Deux arguments sont habituellement avancés pour remettre en question la capacité révolutionnaire de la classe ouvrière. Le premier : la classe ouvrière des pays occidentaux est trop atomisée pour être capable de lutter efficacement. Le second : elle serait trop intégrée au capitalisme pour avoir la capacité ou même l’envie de construire une autre société.
Concernant le premier argument, on ne peut pas tirer un trait d’égalité entre le degré de concentration du prolétariat et sa capacité à lutter et à transformer la société. A l’époque de la Commune de 1871, quand les ouvriers parisiens ont littéralement inventé la dictature du prolétariat, les usines géantes n’existaient pas. A une époque où la majorité du prolétariat était à la fois peu différenciée de la paysannerie et très précaire (cf. Au-delà du mythe. Retour sur la classe ouvrière et le mouvement ouvrier en France et aux Etats-Unis de Jean-François Cabral), des militants et militants révolutionnaires ont été capables de construire et de diriger une CGT qui comptait plusieurs centaines de milliers de membres.
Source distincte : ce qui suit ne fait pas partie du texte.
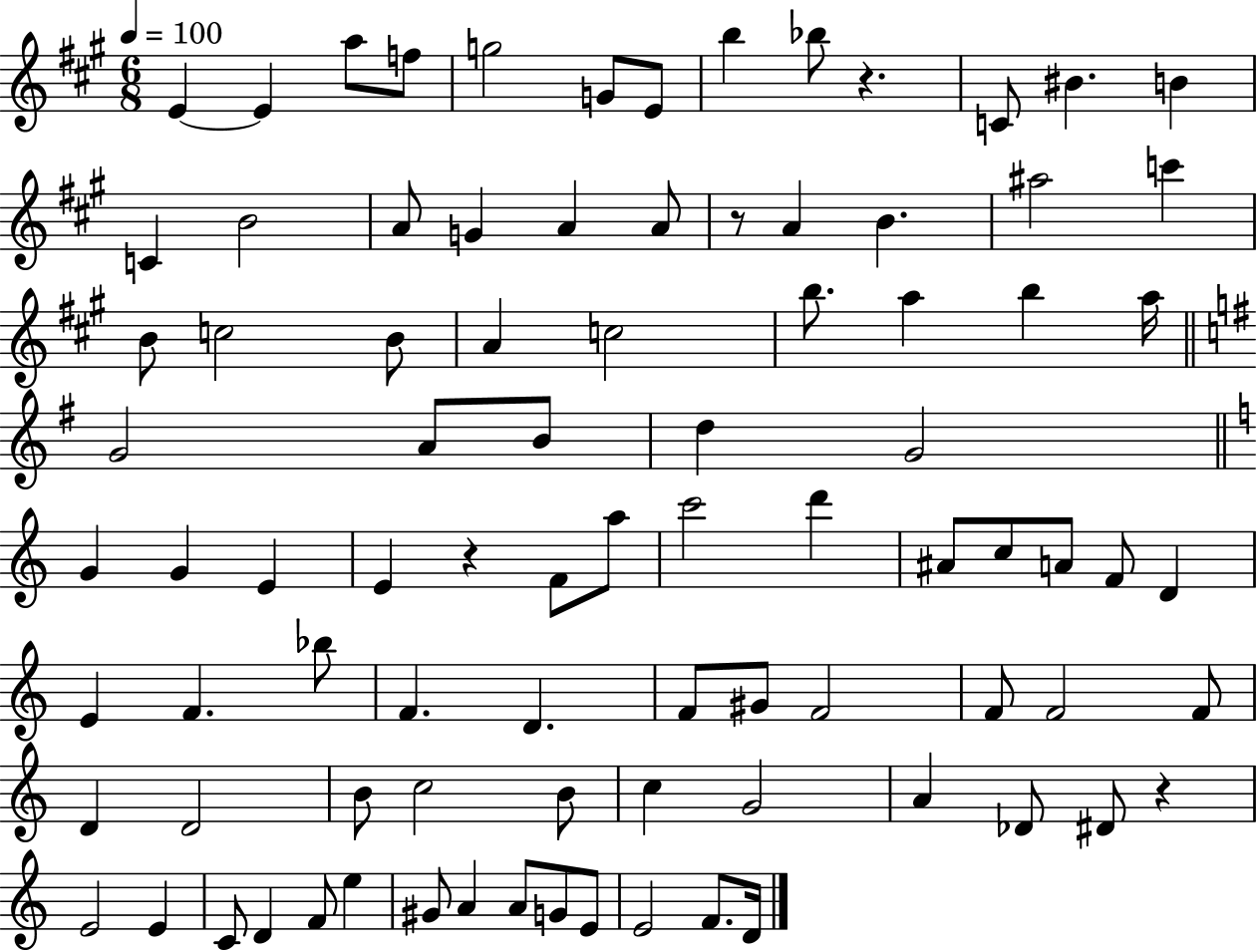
X:1
T:Untitled
M:6/8
L:1/4
K:A
E E a/2 f/2 g2 G/2 E/2 b _b/2 z C/2 ^B B C B2 A/2 G A A/2 z/2 A B ^a2 c' B/2 c2 B/2 A c2 b/2 a b a/4 G2 A/2 B/2 d G2 G G E E z F/2 a/2 c'2 d' ^A/2 c/2 A/2 F/2 D E F _b/2 F D F/2 ^G/2 F2 F/2 F2 F/2 D D2 B/2 c2 B/2 c G2 A _D/2 ^D/2 z E2 E C/2 D F/2 e ^G/2 A A/2 G/2 E/2 E2 F/2 D/4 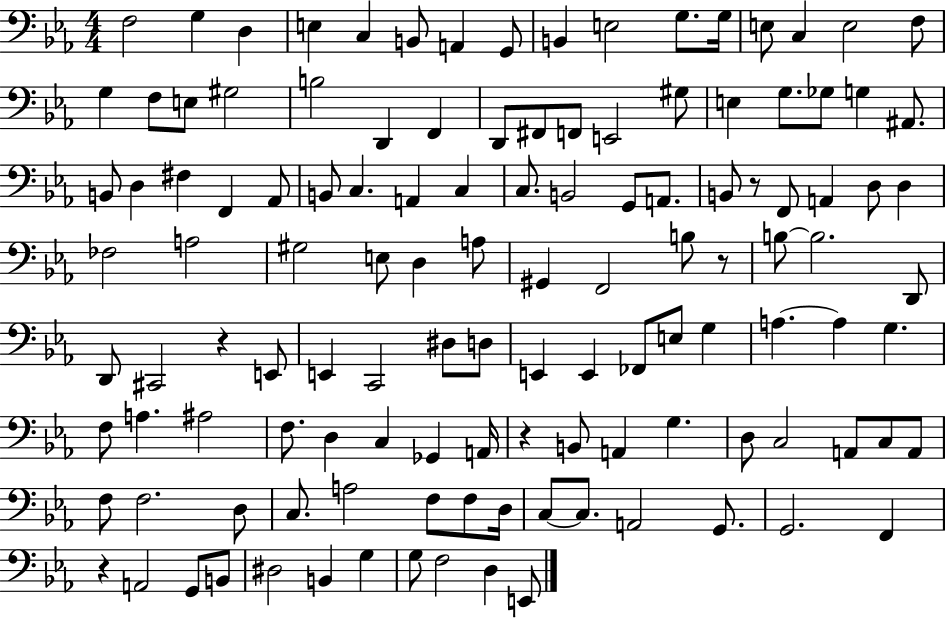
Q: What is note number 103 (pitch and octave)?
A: C3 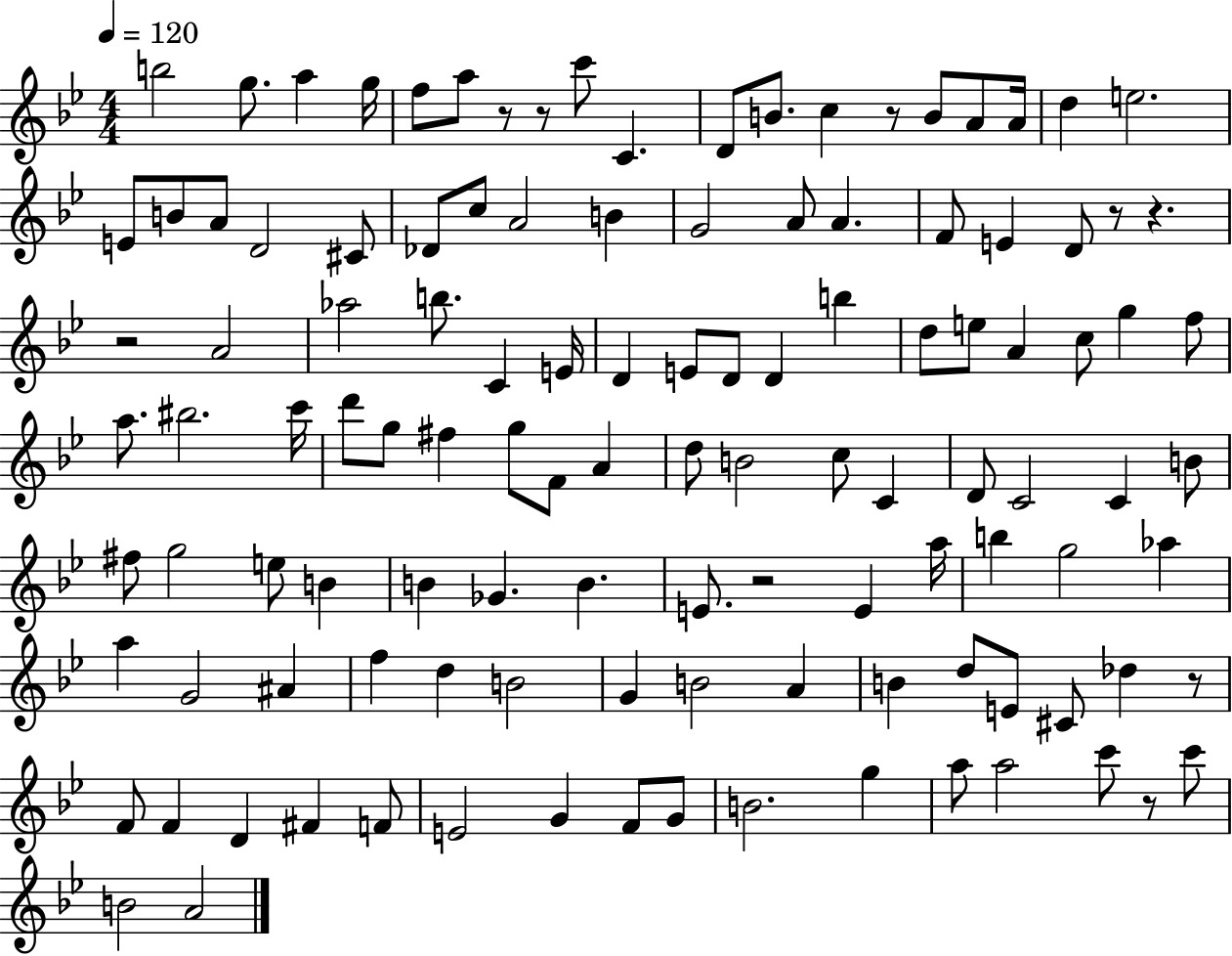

Si nos aînés/es sont parvenus à construire de telles organisations dans des conditions à bien des égards plus difficiles en termes de « précarité », le problème est ailleurs.
Il suffit d’être attentif aux luttes que mènent aujourd’hui les travailleuses et travailleurs en chair et en os pour se rendre compte qu’il est possible de surmonter les divisions profondes occasionnées par les nouvelles organisations du travail (précarité, sous-traitance, etc.). Les exemples de luttes dans des secteurs très précaires sont désormais nombreux : grèves du nettoyage aux Pays-Bas en 2010 et 2012 (les plus longues depuis les années 1930…), la grève d’un an des 6 000 sans-papiers en France en 2009-2010, les luttes récentes dans le secteur de la grande distribution aux États-Unis ou en France… Dans certains secteurs comme La Poste, on peut constater le début d’une tendance similaire : une partie des travailleurs/ses a commencé à mettre en pratique des stratégies de regroupement efficaces.
Sujet politique, es-tu là ?
La seconde objection a un fond de vrai : une classe ouvrière encadrée par des syndicats, au sein de démocraties bourgeoises dirigées par des classes dominantes puissantes, donne une impression de stabilité, alors que les classes ouvrières qui voient le jour au milieu de la sauvagerie capitaliste sont obligées de se soulever pour défendre leurs intérêts élémentaires, comme en Chine, au Cambodge ou au Bangladesh… La brutalité de l’offensive capitaliste depuis les années 1980 et les effets de l’industrialisation ont commencé à gommer les différences entre les « trois mondes » : on constate que la dette, les privatisations, l’installation du chômage de masse ont rapproché la condition de la Grèce de celle des pays du soi-disant « Tiers-monde », et plus largement, les types de questions que se posent les habitants du Caire, de Madrid, de Baltimore ou du Cap sont de plus en plus similaires (mais aussi les modes de vie, les vidéos qu’on regarde sur Youtube, les formes de lutte…), en tout cas bien moins compartimentés qu’auparavant. Peut-être que les jeunes classes ouvrières sont en train d’acquérir suffisamment d’expérience et de droits pour se mettre en position de lutter de manière bien plus hardie, tandis que les anciennes classes ouvrières perdent de leur confort et de leurs privilèges… La lutte politique pour l’indépendance de classe et pour donner une audience aux idées révolutionnaires reste largement à livrer. Mais il est très simpliste de prétendre que les conditions objectives pour que le prolétariat prenne conscience de sa force sont qualitativement plus difficiles qu’auparavant.